While higher premiums and investment income supported the year-over-year top-line growth of 22%, net realized investment gains tanked 38.3%. Moreover, operating expenses rose 22.7%, along with an increase in interest and tax expenses. Additionally, a rise in loss reserves and cost of acquisitions led to an operating cash outflow of $243.5 million from against an inflow of $398.7 million in the year-ago period, thereby limiting share buybacks.

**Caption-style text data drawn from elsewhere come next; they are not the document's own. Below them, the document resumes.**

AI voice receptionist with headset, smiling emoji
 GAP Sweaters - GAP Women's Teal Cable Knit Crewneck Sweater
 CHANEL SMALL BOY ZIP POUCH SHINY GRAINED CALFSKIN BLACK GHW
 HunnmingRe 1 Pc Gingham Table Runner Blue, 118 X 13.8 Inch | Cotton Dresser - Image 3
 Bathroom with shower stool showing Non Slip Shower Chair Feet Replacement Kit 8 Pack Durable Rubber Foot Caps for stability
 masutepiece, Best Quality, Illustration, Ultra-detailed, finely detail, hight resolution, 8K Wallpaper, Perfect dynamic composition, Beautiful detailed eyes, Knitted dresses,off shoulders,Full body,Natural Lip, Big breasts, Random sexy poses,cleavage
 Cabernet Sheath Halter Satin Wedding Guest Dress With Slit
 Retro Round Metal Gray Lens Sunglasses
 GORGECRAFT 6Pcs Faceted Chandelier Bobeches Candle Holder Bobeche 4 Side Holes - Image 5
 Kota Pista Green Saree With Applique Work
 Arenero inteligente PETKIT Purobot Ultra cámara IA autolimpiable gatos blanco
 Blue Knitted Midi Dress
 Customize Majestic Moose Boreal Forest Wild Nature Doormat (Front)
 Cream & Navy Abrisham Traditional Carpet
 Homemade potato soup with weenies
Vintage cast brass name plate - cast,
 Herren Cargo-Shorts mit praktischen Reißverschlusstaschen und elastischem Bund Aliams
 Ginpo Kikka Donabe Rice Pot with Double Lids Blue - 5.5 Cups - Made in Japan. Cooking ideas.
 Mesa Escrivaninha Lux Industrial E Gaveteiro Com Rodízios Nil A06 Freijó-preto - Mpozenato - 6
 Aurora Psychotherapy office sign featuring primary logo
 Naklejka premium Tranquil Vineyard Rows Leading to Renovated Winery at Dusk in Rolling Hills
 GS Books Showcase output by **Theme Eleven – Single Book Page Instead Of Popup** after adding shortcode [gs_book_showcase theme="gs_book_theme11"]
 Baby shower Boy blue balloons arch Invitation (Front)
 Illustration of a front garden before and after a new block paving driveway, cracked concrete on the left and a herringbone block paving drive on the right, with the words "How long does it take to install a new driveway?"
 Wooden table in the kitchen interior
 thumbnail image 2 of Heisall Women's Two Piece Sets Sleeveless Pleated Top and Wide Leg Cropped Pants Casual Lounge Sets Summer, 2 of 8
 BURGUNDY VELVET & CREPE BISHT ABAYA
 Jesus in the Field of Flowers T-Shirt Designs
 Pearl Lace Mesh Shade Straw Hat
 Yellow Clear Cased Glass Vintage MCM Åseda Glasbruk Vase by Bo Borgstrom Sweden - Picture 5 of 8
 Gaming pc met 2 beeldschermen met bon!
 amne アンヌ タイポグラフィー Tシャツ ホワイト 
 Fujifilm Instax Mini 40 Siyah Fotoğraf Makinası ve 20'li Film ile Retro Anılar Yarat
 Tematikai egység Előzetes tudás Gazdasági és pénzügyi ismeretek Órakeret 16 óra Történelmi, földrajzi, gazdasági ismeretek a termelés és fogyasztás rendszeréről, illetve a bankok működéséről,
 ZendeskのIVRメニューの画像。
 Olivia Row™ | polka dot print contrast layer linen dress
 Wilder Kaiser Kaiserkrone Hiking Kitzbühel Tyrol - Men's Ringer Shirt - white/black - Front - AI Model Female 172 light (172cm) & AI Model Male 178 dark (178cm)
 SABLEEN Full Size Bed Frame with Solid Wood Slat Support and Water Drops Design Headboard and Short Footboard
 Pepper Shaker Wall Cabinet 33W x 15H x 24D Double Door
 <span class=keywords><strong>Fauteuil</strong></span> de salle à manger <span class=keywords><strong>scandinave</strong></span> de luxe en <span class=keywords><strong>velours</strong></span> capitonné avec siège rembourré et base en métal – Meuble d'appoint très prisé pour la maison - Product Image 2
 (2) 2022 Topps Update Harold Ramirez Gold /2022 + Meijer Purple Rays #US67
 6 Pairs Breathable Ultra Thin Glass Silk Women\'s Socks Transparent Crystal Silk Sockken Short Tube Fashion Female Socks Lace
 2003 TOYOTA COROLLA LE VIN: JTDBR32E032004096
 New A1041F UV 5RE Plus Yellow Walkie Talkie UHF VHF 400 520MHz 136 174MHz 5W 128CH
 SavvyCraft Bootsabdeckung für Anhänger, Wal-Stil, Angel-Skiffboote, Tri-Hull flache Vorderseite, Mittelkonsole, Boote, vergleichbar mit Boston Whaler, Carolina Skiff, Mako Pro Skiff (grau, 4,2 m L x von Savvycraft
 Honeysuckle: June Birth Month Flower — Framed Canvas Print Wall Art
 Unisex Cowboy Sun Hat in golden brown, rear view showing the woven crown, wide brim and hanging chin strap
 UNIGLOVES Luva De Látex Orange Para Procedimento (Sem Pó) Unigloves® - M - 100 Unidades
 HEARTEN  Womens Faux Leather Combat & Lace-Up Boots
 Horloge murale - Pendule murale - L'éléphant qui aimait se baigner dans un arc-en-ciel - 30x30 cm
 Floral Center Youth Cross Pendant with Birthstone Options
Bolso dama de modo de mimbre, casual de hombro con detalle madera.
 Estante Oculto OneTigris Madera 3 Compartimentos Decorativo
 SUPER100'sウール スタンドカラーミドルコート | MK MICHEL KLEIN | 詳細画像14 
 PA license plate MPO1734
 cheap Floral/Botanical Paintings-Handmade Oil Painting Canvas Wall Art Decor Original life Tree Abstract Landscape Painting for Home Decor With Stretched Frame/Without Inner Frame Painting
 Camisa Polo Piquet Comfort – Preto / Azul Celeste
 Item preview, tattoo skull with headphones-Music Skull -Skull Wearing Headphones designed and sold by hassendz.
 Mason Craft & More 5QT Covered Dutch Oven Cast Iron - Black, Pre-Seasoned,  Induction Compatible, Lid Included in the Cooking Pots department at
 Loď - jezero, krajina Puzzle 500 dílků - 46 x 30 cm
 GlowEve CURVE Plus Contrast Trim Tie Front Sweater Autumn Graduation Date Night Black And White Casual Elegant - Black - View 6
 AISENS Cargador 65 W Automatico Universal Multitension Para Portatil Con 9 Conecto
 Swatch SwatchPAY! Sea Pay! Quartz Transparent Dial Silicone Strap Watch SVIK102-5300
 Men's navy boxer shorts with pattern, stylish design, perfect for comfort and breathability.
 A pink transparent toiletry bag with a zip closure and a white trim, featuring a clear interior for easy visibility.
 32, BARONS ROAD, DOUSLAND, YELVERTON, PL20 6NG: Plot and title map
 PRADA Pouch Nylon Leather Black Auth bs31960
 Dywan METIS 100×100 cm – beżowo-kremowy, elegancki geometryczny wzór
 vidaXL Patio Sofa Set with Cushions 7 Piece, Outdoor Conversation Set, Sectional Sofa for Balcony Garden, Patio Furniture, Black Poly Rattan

Markel is focused on expansion through the recent acquisitions of Alterra in May 2013 for about $3.3 billion, Abbey Protection Plc in Jan 2014 for $190.7 million, Cottrell Inc. in Jul 2014 for $130 million as well as Tromp-Pol Baking Equipment BV (Vanderpol) and Den Boer Baking Systems BV (Den Boer) in Aug 2014. However, these acquisitions have weighed on the company's financial leverage (with debt-to-capital ratio of 24% at Jun 2014-end) and cash flows.

Moreover, Markel faces the brunt of unfavorable reserve developments, which continues to hurt underwriting results in the property-casualty operations, which are already bracing competition. Overall, weak fundamental growth prospects amid significant underwriting and investment risks have failed to enlist any positive investor sentiment for the upcoming quarter as well.

Meanwhile, the Zacks Consensus Estimate for 2014 and 2015 declined 18.3% and 8.6% to $19.16 and $23.09 per share, respectively, in the last 30 days. There was no upward estimate revision for both the years over the same time frame. Moreover, on a year-over-year basis, earnings are expected to dip 0.2% in 2014.

Insurers That Warrant a Look

While we prefer to avoid Markelfor the time being, better-ranked insurers such as Global Indemnity Plc (GBLI), Mercury General Corp. (MCY) and Endurance Specialty Holdings Ltd. (ENH) are worth considering. All these stocks sport a Zacks Rank #1 (Strong Buy).